Starting with the line that holds "Obrazek Zioła dla zdrowia" and stopping after the line that holds "Land for sale in Alamosa", repeat the lines below word for word, without the pictures.

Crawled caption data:
⁂

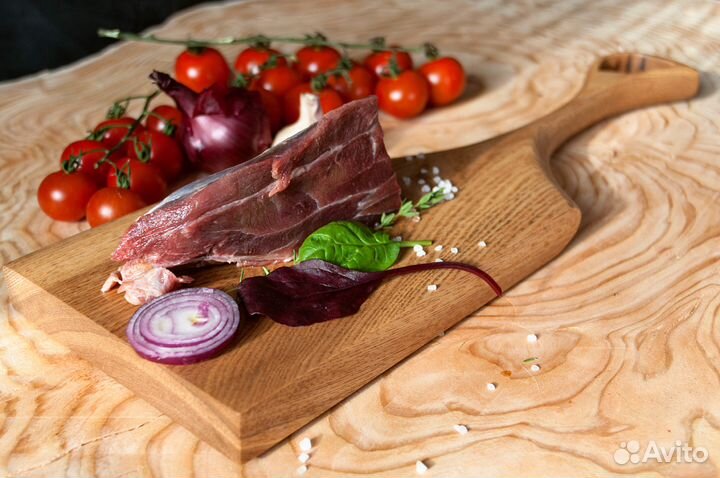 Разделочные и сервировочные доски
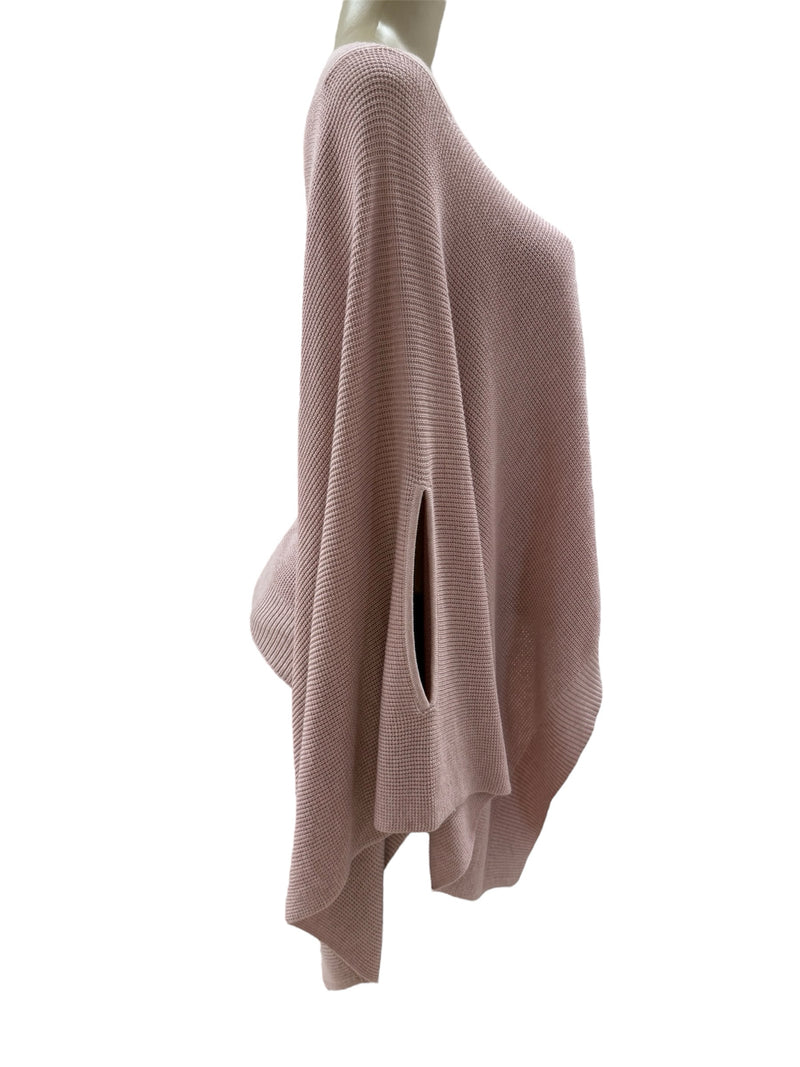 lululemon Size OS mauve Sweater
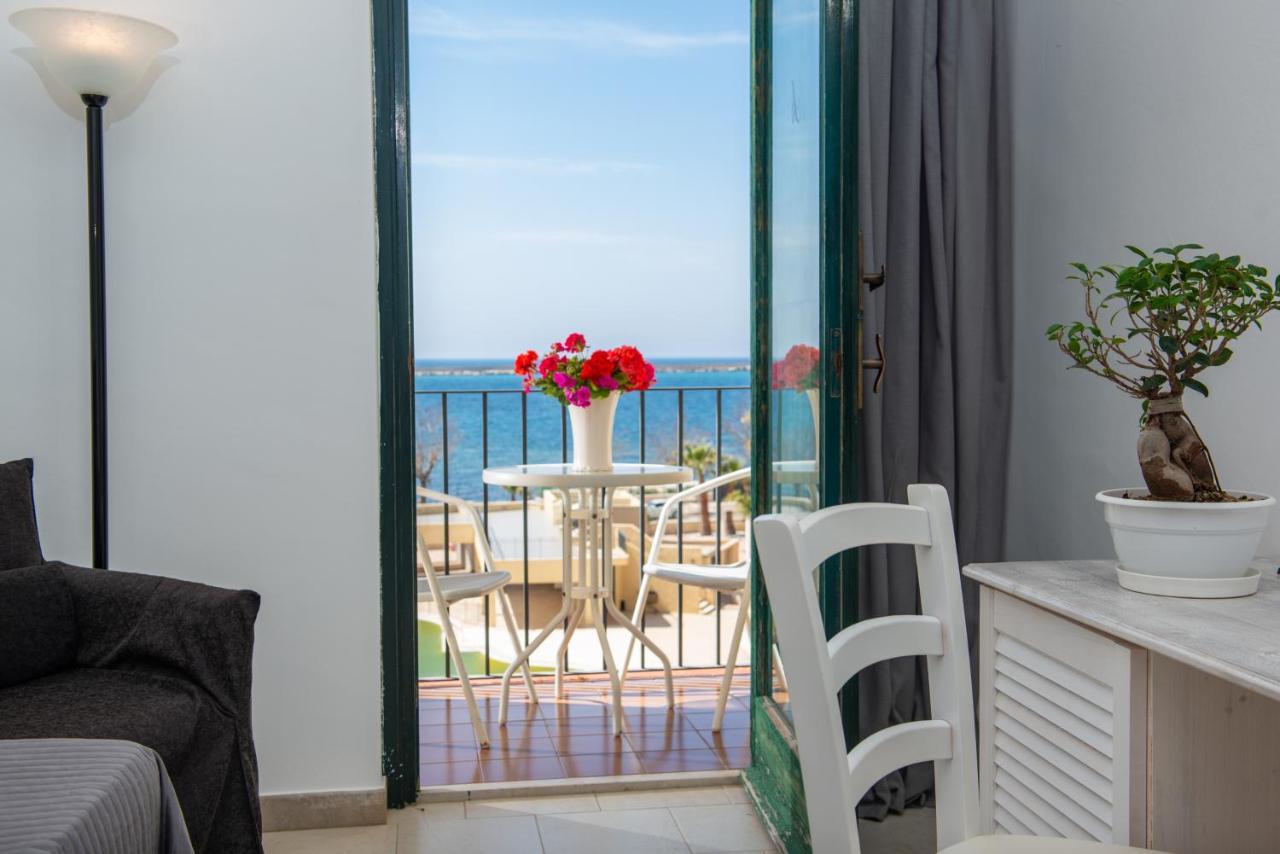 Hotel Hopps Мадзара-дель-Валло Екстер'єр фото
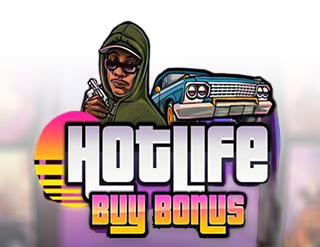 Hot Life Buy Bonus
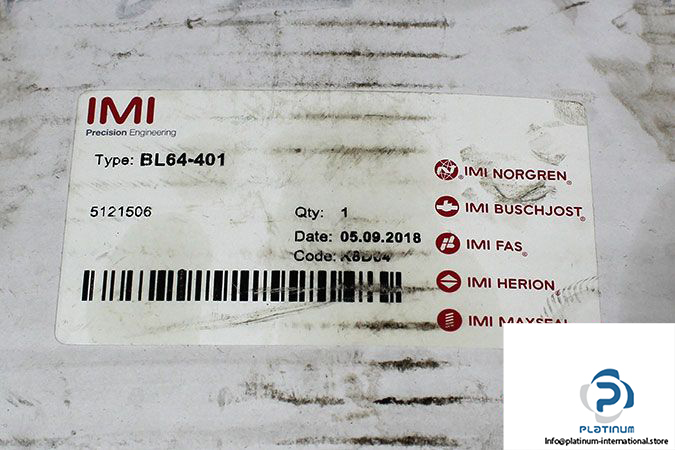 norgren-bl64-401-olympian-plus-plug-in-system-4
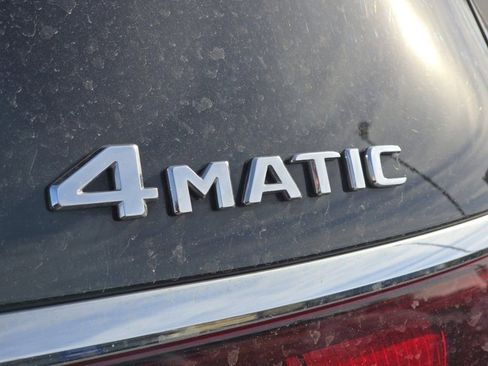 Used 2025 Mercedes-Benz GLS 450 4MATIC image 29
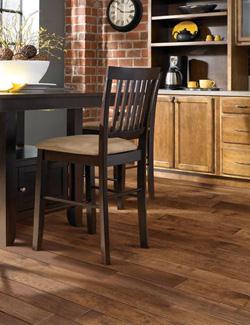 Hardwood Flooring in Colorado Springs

⁂

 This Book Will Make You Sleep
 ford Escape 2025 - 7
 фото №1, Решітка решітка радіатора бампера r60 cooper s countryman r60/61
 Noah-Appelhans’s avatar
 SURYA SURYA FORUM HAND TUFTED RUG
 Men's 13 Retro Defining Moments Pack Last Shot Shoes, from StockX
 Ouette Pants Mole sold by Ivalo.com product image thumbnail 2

⁂

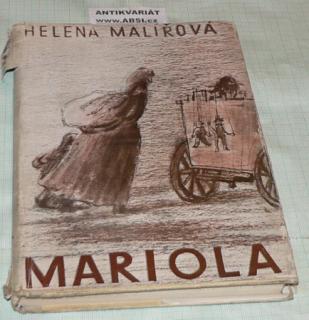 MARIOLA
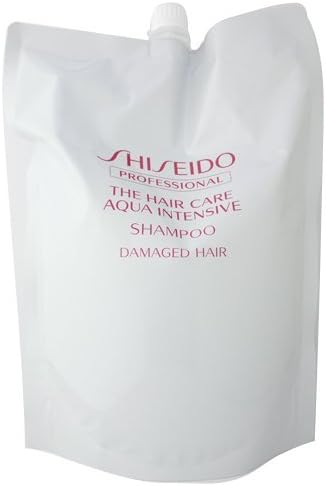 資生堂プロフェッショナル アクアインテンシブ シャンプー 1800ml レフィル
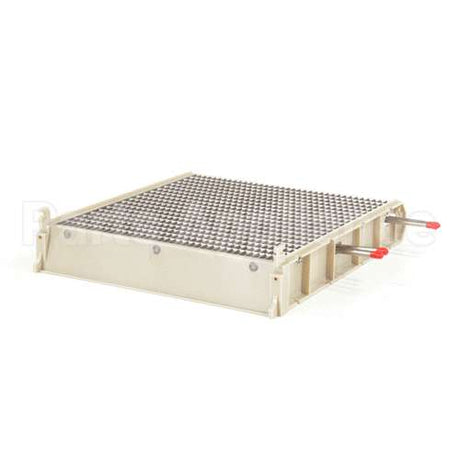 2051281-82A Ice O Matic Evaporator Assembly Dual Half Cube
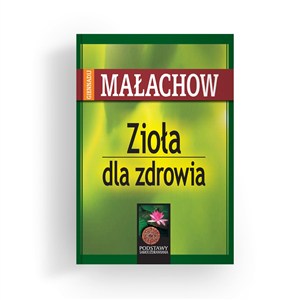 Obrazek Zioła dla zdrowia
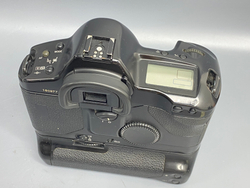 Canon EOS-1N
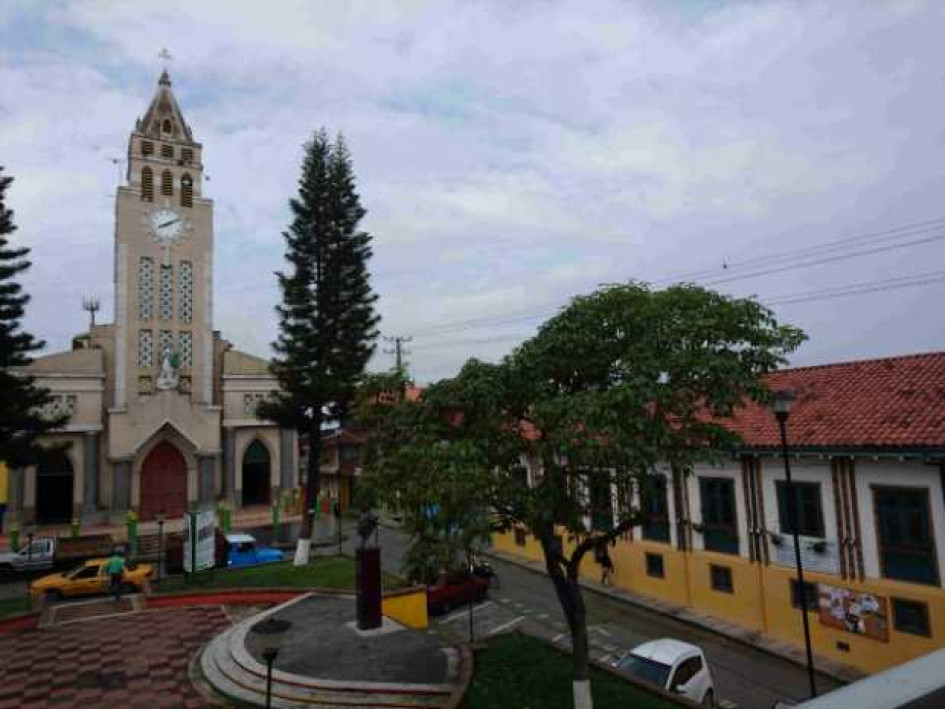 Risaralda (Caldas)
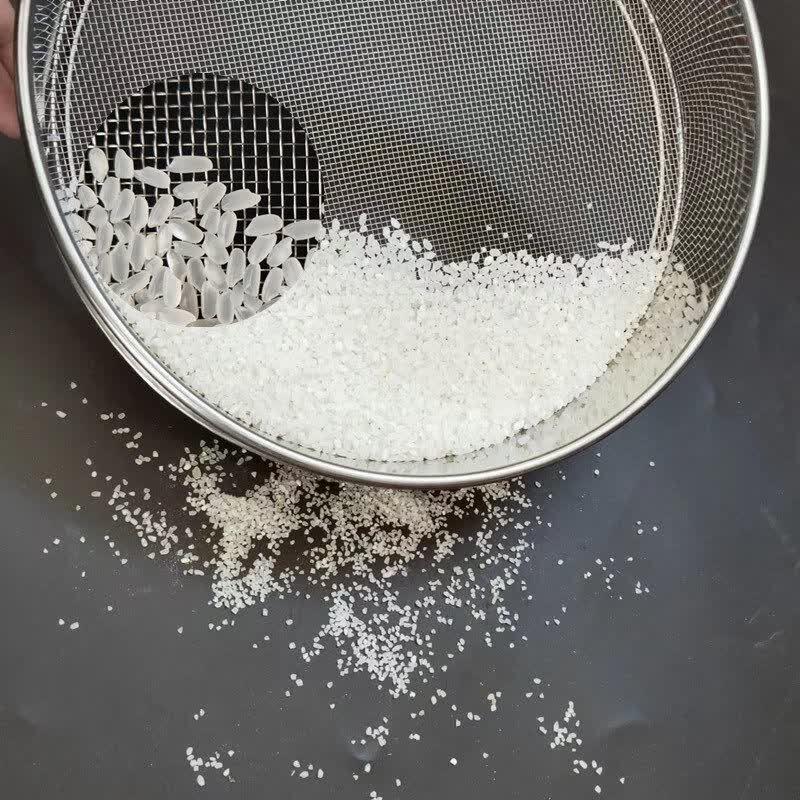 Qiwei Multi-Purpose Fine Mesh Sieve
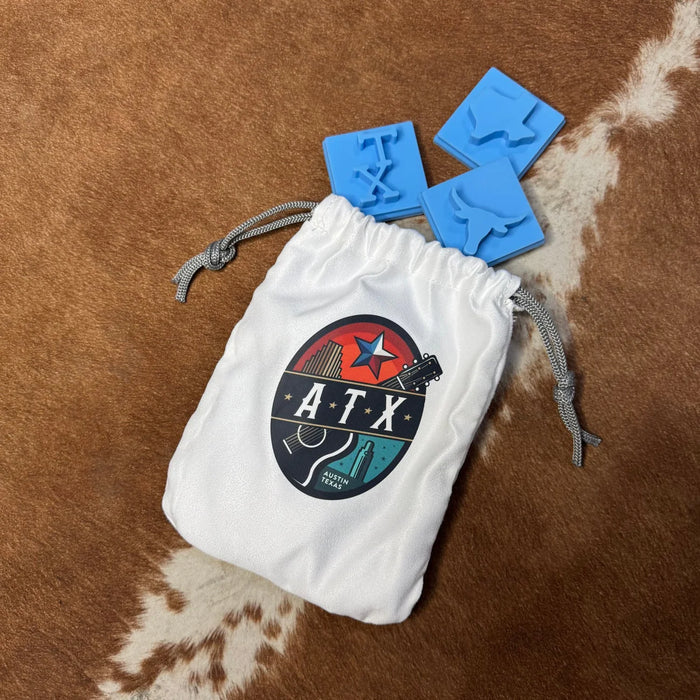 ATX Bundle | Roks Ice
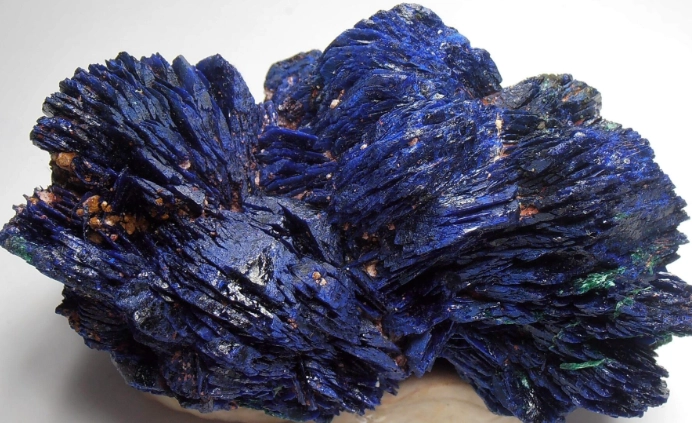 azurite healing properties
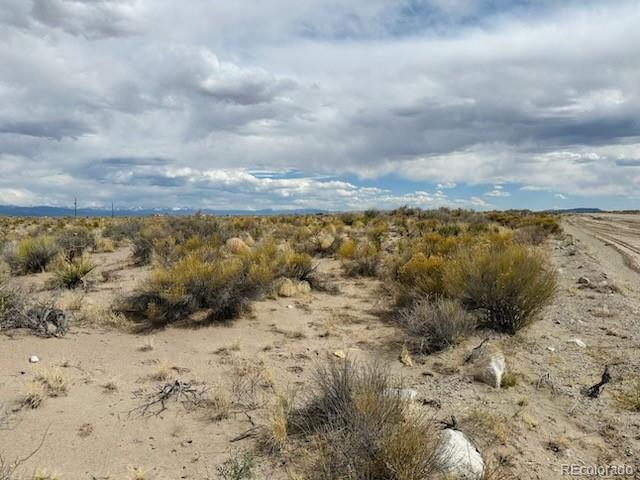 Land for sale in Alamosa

⁂

Written solution:
 Obrazek Zioła dla zdrowia
 Canon EOS-1N
 Risaralda (Caldas)
 Qiwei Multi-Purpose Fine Mesh Sieve
 ATX Bundle | Roks Ice
 azurite healing properties
 Land for sale in Alamosa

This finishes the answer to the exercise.